C'est bizarre, non ? Des papillons. C'est joli, hein, mais c'est bizarre. Quand j'avais lu ça pour la première fois quelque part, je m'étais dit que c'étaient des conneries, ou une métaphore bien ringarde. Et je me suis sentie bien ringarde. Enfin, au début. Après tu m'as embrassée. Ou peut-être avant ? Peu importe, j'ai toujours été amoureuse de toi.
Enfin, toujours, c'est une hyperbole, hein. Depuis que je te connais, en fait. Depuis que tu m'as balancée dans l'eau. Mais je pense que t'avais compris. Et puis je crois que je viens de gâcher la jolie phrase que je t'ai écrite. Elle était jolie ? Oublie ce que je viens de dire. Enfin d'écrire. Bref.
Ma grand-mère m'a semblé moins insupportable. Voire agréable. Voire une des meilleures personnes que je connaisse. Avec toi. Je me suis rapprochée d'elle, j'ai appris à la connaître. Mon grand-père, aussi.
J'ai changé grâce à toi, je t'ai laissé faire grâce à elle.

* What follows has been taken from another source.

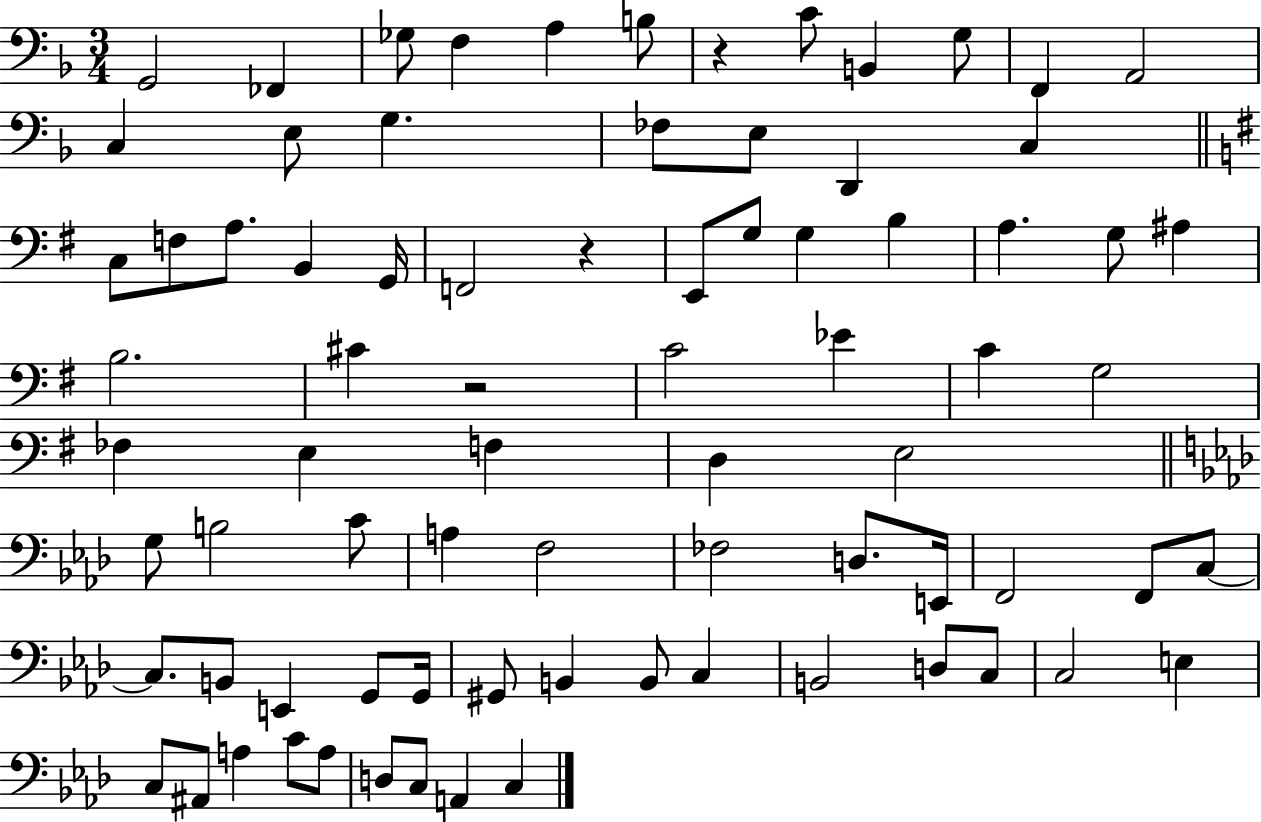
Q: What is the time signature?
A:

Deux semaines, à l'échelle humaine, c'est presque rien. Sur l'échelle d'une romance, deux semaines, c'est l'équivalent d'un « il était une fois ». J'aimerais bien qu'on nous donne deux semaines de plus, histoire d'ajouter « une bergère un peu beaucoup chiante et un prince charmant pas trop cliché mais quand même très parfait ».
Je sais que je t'ai déjà demandé plein de trucs, mais je peux te demander une dernière chose ? De toute façon tu liras ça que demain, alors tu peux pas refuser...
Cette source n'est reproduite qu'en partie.